UNESCO’nun Atatürk Kararı |
Sene 1978
Birleşmiş Milletler’in kültür kolu olan UNESCO, Paris’te genel kurul yapıyor. Başkanlık Divanı’na şu ifadeleri içeren bir önerge veriliyor:
“…Üç sene sonra 1981 geliyor. 1981 Atatürk’ün doğumunun 100. Yıldönümüdür. Atatürk elbette 20. Yüzyılın en büyük devlet adamlarından biridir. Bellidir ki Türkler o özel gün için çok özel olarak hazırlanıyorlardır ama Atatürk’ü anmak bir tek Türklere bırakılmamalıdır. Çünkü Atatürk tüm insanlığın ortak paydasıdır, dolayısıyla hazır Birleşmiş Milletler kültür kolu toplantı halinde, UNESCO şu an genel kurul yapıyor. Bu genel kurul bir karar almalıdır, bu karar üye devletlere iletilmedir. Önümüzde 3 yıl var. Bu 3 yıl boyunca her ülke Atatürk için, üniversiteleriyle, bilim kurumlarıyla, sivil toplum örgütleriyle, medyasıyla özel olarak hazırlanmalı ve 1981 yılı bütün dünyada “Atatürk yılı” olarak anılmalıdır.”

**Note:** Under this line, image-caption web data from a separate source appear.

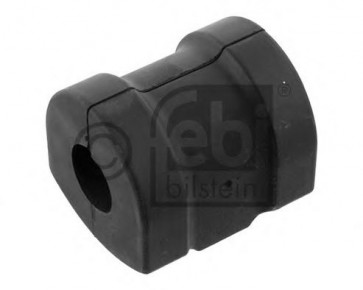 Stabiliser Mounting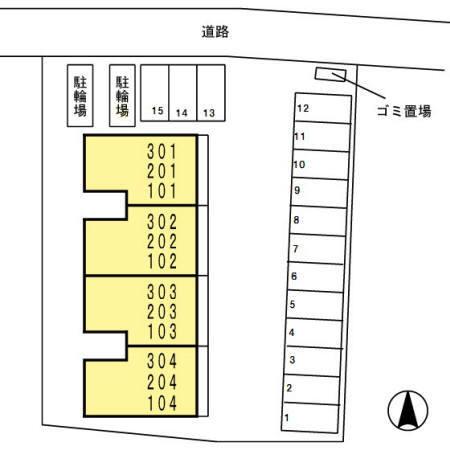 写真:その他物件の写真02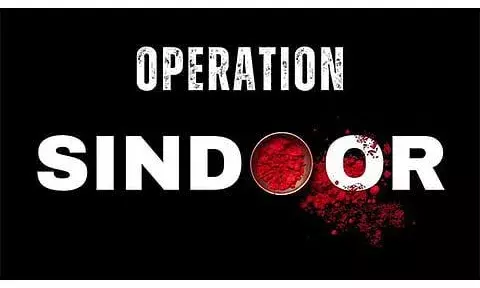 A New Twist in the Operation Sindoor Saga: Uncovering the Truth Behind Americas Hidden Agenda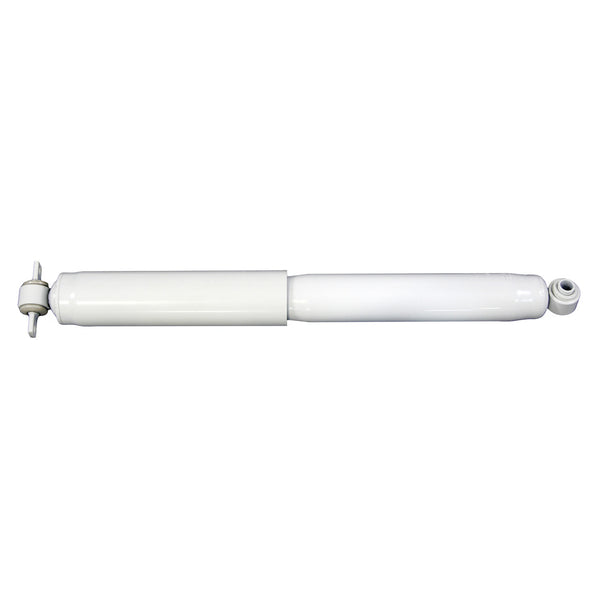 Gabriel G63897 Rear Ultra Truck Shock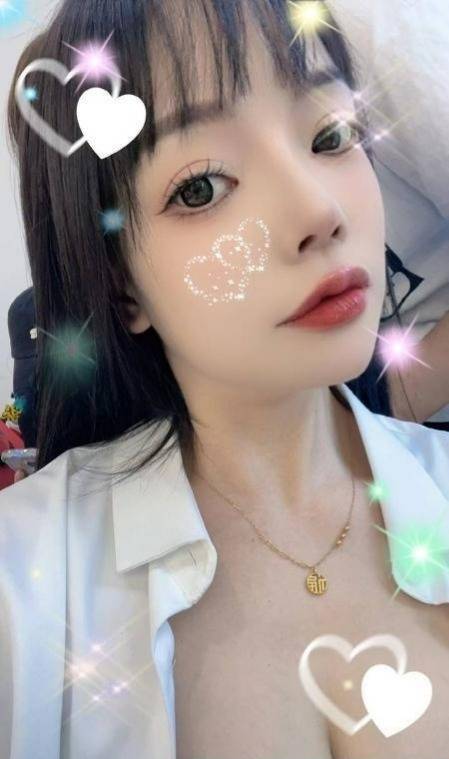 九堡小米-91茶馆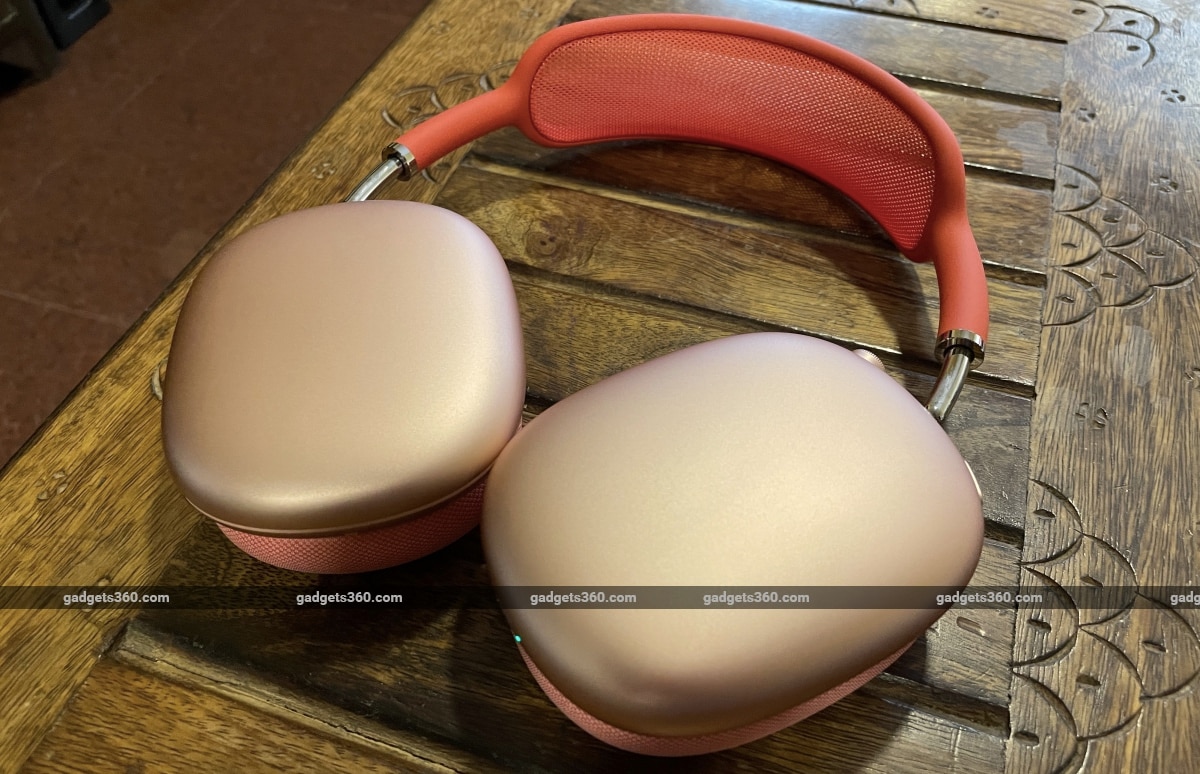 Apple Releases New Firmware for AirPods Pro 2, AirPods 4 With Bug Fixes; AirPods Max Gets Lossless Audio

Önerge okunduktan sonra İsveçli bir delege, itiraz edip kürsüye gelir ve söz hakkı isteyerek şöyle bir soru sorar:
“Ben” der, Atatürk’ün büyüklüğünü elbette biliyorum. Türkler için, insanlık için, çağdaşlaşma için ne anlama geldiğini de biliyorum. Buna rağmen bir kaygım var. Bu kaygımı sizinle paylaşmak için söz aldım. Evet, Atatürk büyük bir devlet ve cumhuriyet kurucusudur. Fakat dünyada 200’e yakın devlet var, yarısından fazlası cumhuriyet. Bu kadar cumhuriyet kurucusu arasından, bugüne kadar kimse için düşünmediğimiz bir konuyu şimdi bir tek Atatürk için ve Türkler için düşünüyor olursak, bu ileride bir sıkıntıya yol açmaz mı?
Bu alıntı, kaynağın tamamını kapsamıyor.